## To do
Among the records that follow, find each line holding the word "Picture" and copy it.
[[ Available records open ]]
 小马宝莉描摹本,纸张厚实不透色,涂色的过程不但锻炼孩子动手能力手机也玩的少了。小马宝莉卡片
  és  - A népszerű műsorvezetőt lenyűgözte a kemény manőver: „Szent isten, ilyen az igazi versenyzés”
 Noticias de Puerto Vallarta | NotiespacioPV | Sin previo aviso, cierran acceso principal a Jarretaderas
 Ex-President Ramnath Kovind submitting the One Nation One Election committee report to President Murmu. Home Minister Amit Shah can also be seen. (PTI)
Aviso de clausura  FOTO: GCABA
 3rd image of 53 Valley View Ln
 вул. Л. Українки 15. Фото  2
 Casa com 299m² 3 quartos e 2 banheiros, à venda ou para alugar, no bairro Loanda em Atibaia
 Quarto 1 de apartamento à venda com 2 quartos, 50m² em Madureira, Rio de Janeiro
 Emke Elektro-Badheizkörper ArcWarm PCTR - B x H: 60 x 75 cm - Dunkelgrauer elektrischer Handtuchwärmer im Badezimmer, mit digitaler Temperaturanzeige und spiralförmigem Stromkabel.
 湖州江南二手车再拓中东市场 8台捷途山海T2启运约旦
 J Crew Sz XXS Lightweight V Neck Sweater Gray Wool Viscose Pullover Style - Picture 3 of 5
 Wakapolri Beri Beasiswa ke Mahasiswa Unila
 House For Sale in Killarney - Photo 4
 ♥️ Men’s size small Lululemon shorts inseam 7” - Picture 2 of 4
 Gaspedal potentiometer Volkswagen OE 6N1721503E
[[ Available records closed ]]
## Response
 J Crew Sz XXS Lightweight V Neck Sweater Gray Wool Viscose Pullover Style - Picture 3 of 5
 ♥️ Men’s size small Lululemon shorts inseam 7” - Picture 2 of 4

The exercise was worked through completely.